How to use your existing wardrobe to create a free sewing patterns.
I absolutely adore a-line, racer back tank tops. And by adore, I mean I live in them. Naturally, I have several tanks that fit me impeccably. Do you know just how easy it is to copy the lines of the top to make free sewing patterns? In just a few simple steps, you’ll have a pattern sloper with that perfect fit!
Fold garment in half with the front side of the garment facing outward. Mark the CF (center front) hem and neckline with a pin.
Prepare pattern paper and trace the “L” square.
Line CF fold on “L” Square line and pin garment to pattern paper.
Trace the hem, side seam, arm hole curve, strap width, and neck hole.

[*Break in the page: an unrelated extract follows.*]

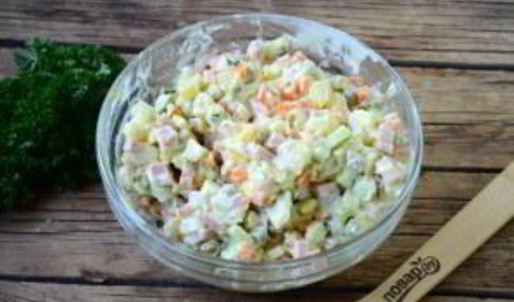 салат оливье в лаваше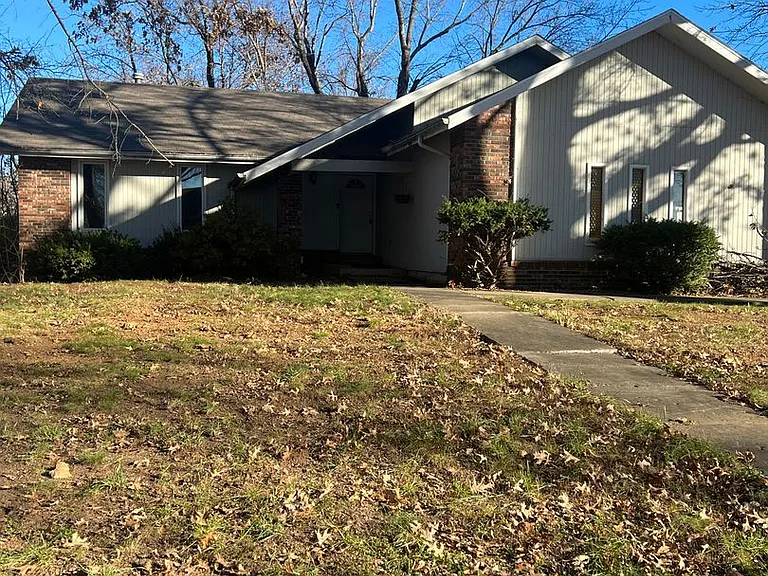5518 S Roanoke Ave — Photo 1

Tip: The back of the top will undoubtedly cover the shape of the neckline. Use your finger to hold incremental points on the neckline and mark a dash with your pencil. Don’t forget to mark CF.

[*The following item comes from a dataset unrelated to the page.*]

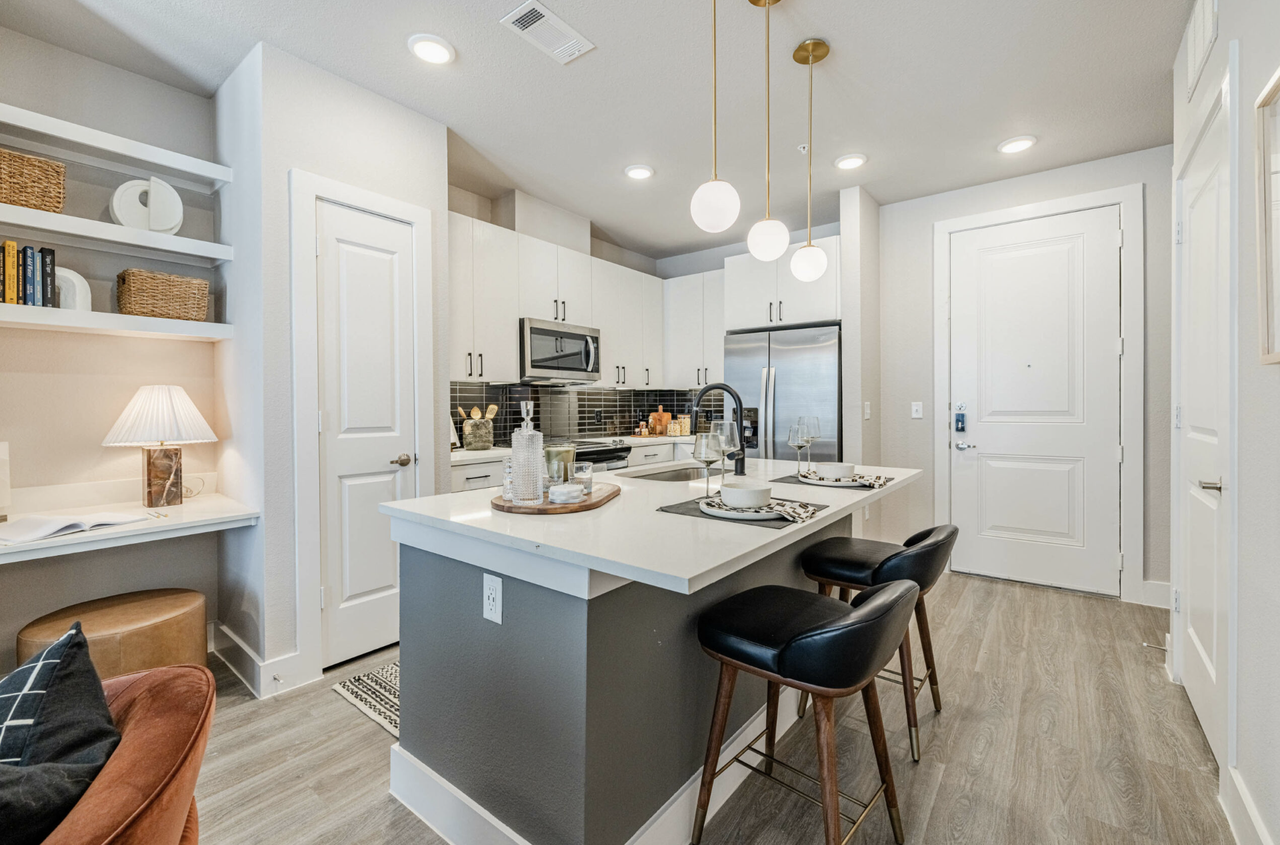 12330 North Interstate Highway 35 - Photo 2 of 21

Remove pins and garment. True all lines with your pattern making rulers. Note specific measurements, such as side seam length and strap widths.
Tip: The neck and arm bands are just rectangular shaped pieces of fabric. It’s smart to obtain the measurements from the pattern and calculate the lengths before you start to sew the pattern.
Once you’ve completed the front, repeat the same steps and trace the lines for the back of the garment. When you true the back of the garment, make sure key measurements, like the side seam and strap widths match the front. At this point, you can cut the pattern out and compare it to the front to make sure everything lines up. Personally, I like to use my traces as slopers. This means that the pattern has no seam allowances and is used to create a variety of new patterns with the same fit. From a sloper you can add style lines, design elements, and more!